Does anyone have experience setting up an Asus RT-AC88U for safe hosting?
 
Solution


I am looking to have it be on the same network, but segregated. A seperate subnet or guest network would be fine, but it would need to be hard wired, and the guest network menu only seems to have options for wireless devices.
 
well a separate subnet or guest network sounds like it won't be on the same network (at least IP wise)

I was going to say flash DDWRT onto it as i have done that with a few RT-N66U's but the one you have isn't supported.

All DMZ does it forward all incoming traffic to that one IP address. To me it sounds like you may either 1) have to get a router that does VLANs or 2) Get a second router to put behind it to put it on its own network.

Any reason for trying to segregate it?
 


I don't think I understood your question, a seperate subnet would stop it from talking to other network devices, but still allow me to get to WAN traffic for hosting.

I want it segregated for the eventuality that my server falls under attack, when hosting it's usually a matter of when, rather than if you get attacked while hosting game servers.

 


lol i'm CCNA Certified I know about networking.

So if you want it fully segregated from your main network then you either need a Router that can do VLan's or you need to put another router behind it to put it on a seperate subnet. Only issue with that is now you have a double NAT.
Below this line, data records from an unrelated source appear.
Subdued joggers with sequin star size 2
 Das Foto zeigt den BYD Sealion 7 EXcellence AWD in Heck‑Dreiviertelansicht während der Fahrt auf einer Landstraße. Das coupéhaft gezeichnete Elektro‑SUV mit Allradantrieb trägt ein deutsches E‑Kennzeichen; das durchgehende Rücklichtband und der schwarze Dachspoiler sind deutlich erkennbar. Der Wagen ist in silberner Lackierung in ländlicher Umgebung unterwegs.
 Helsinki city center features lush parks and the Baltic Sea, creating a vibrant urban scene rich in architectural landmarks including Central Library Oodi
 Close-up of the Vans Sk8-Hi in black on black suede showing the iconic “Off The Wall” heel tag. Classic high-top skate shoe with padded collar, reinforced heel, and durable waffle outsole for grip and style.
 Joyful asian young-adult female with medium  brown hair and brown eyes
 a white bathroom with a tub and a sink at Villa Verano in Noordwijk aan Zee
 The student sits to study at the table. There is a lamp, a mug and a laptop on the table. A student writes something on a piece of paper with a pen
The ASUS Router is not designed to do that. It is a normal consumer router. If you had a router that either 1) Could be flashed with DDWRT (I have and made 3 different VLANs for this client of mine using a ASUS RT-N66U) 2) Is more low end enterprise like Cisco, SonicWall,UniFi that have the ability to do all of those and do what you want it to do.
 
Solution


I was afraid that was going to be the answer I got, I'll probably end up getting a different router capable of setting up a VLAN if I can't make this setup work. Thank you for your time and help.